What is the function equation in sequence notation?

Enter your answer in the box.
je=_______


2. The population of a pack of wolves is 88. The population is expected to grow at a rate of 2.5% each year.

What function equation represents the population of the pack of wolves after t years?

f(t)=88(1.025)^t

f(t)=88(0.025)^t

f(t)=88(2.5)^t

f(t)=88(1.25)^t


3. Ramon bought a bicycle for $478. The value of the bicycle is expected to decrease at a rate of 6.5% each year.

What function equation represents the value of the bicycle after t years?

f(t)=478(1.065)^t

f(t)=478(0.935)^t

f(t)=478(6.5)^t

f(t)=478(0.065)^t

Answer 1

Answer: Hi. I am sorry if this is a late answer, but here are the answer's I have. I just took the test so I am pretty sure these are correct:

#1.

2(5^e)

#3.

B) f(t)=478(0.935)^t

I am so sorry but I don't have the answer for question #2. I hope you figure it out or someone else can help you.

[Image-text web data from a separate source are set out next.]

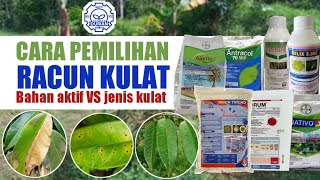 Racun Kulat Untuk Pokok Durian [upl. by Jenna143]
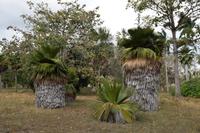 Copernicia -Palmen im Botanischen Garten Cienfuegos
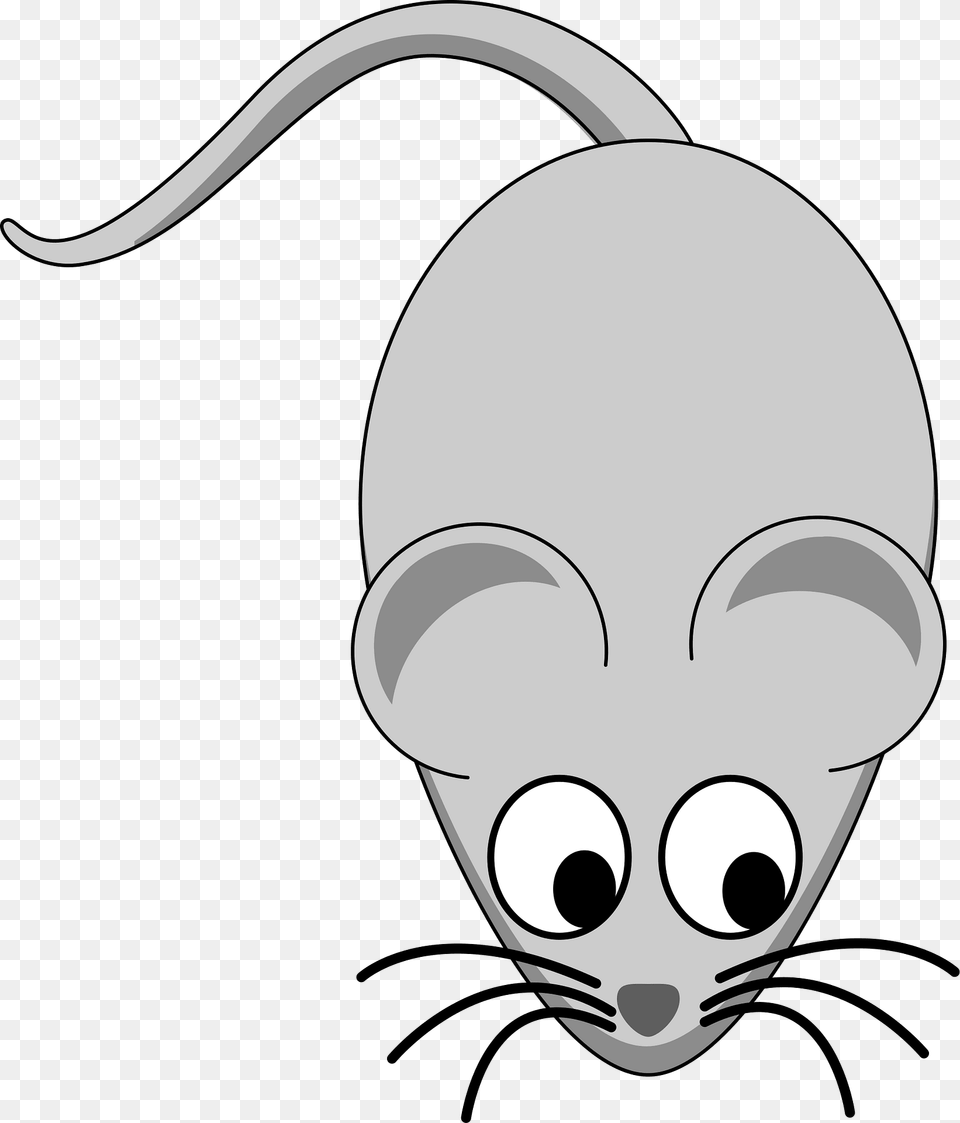 Mouse Clipart, Computer Hardware, Electronics, Hardware, Animal Png Image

I hope I helped. Good Luck!

Answer 2

1)
`j=2(5)^e`

2) option A

3) option B

Explanation:

1) Given: The ordered pairs model an exponential function, where j is the function name and e is the input variable.

{(1, 10), (2, 50), (3, 250), (4, 1250)}

Let an exponential function
`y=ab^x`

Now, put (1,10) ⇒10=ab .....(1)

put (2,50) ⇒
`50=ab^2` ....(2)

divide (1) and (2)

we get b=5 then put back in (1)

we get 10=a(5)⇒ a=10/5= 2

therefore the required function is
`y=2(5)^x`

For j is the function name and e is the input variable

the function is
`j=2(5)^e`

2) Given: The population of a pack of wolves is 88. The population is expected to grow at a rate of 2.5% each year.

To find: What function equation represents the population of the pack of wolves after t years

solution :
`f(t) = P(1+r)^t`

where P-population , r- growth rate , t -time

putting value we get,
`f(t) = 88(1+0.025)^t`

`f(t) = 88(1.025)^t`

therefore, option A is correct

3) Given: Ramon bought a bicycle for $478. The value of the bicycle is expected to decrease at a rate of 6.5% each year.

To find: What function equation represents the value of the bicycle after t years.

solution :
`f(t) = P(1-r)^t`

where P-population , r- decay rate , t -time

putting values we get,
`f(t) = 478(1-0.65)^t`

`f(t) = 478(0.935)^t`

therefore, option B is correct